An agent that browses the web, reads documents, calls search APIs, and synthesizes answers can now run a full 30–50 step pipeline without latency overhead accumulating at every turn.

5. AI Tutors and Learning Bots

Educational platforms running multi-turn Socratic dialogue with code execution and adaptive questioning can maintain session state on one persistent connection per student, with clean ZDR compliance for student data privacy.

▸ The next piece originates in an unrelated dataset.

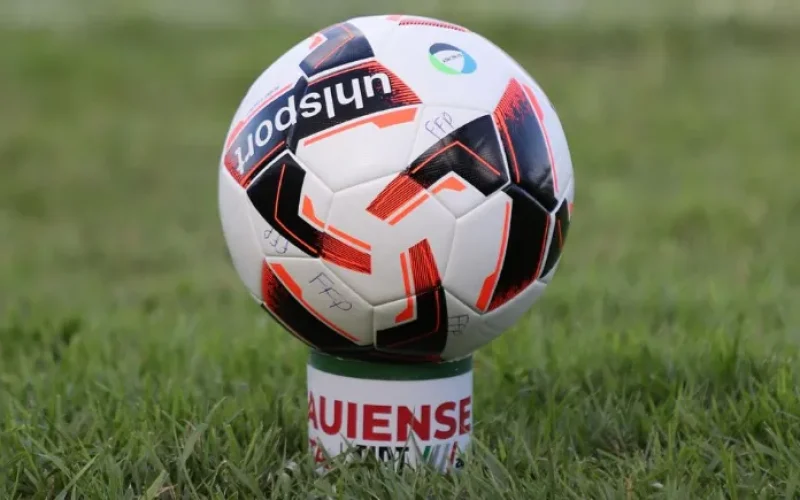 bola-da-final-do-campeonato-piauiense--257f407bad178870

How It Improves Existing Agents

  • No repeated context uploads — only new items are sent per turn, not the full thread

  • Connection-local cache — the server reuses in-memory state instead of loading from disk on each turn

  • ZDR-compatible — works with store=false, so no conversation data is persisted to OpenAI servers

  • Warmup support — pre-load tools and instructions before the user's first message to eliminate cold-start latency

  • Sequential safety — runs are executed one at a time on a connection, preventing race conditions


Connection Limits and Error Handling

  • Max 60 minutes per WebSocket connection — implement a reconnect handler that resumes from the last response_id

  • No multiplexing — if you need parallel agent runs, open separate connections

  • previous_response_not_found — returned when the cached ID is missing; handle by sending full context again or using /responses/compact first

def reconnect_and_continue(last_response_id, full_context):
    ws = create_connection(
        "wss://api.openai.com/v1/responses",
        header=[f"Authorization: Bearer {os.environ['OPENAI_API_KEY']}"]
    )
    ws.send(json.dumps({
        "type": "response.create",
        "model": "gpt-5.2",
        "store": True,
        "previous_response_id": last_response_id,
        "input": full_context,
        "tools": []
    }))
    return ws

/responses/compact — Your Context Window Safety Net

For very long agent runs that approach context limits, use /responses/compact to compress history, then start a fresh chain:

compacted = client.responses.compact(model="gpt-5.2", input=long_input_array)

ws.send(json.dumps({
    "type": "response.create",
    "model": "gpt-5.2",
    "store": False,
    "previous_response_id": None,
    "input": [
        *compacted.output,
        {"type": "message", "role": "user",
         "content": [{"type": "input_text", "text": "Continue from here."}]}
    ],
    "tools": []
}))

Quick Reference: Which Transport to Use

Scenario

Best Transport

Browser voice app (mic input)

WebRTC (/v1/realtime)

Server-to-server speech-to-speech

WebSocket Realtime API

Server agent with many tool calls

WebSocket Responses API (new)

Simple single-turn chat

HTTP REST /v1/responses

Long agentic coding / research runs

WebSocket Responses API (new)

OpenAI's new WebSocket mode for the Responses API marks a clear architectural shift — from stateless HTTP calls to stateful, session-aware agent connections. For any developer building production AI agents in 2026, this is the right transport layer to adopt now.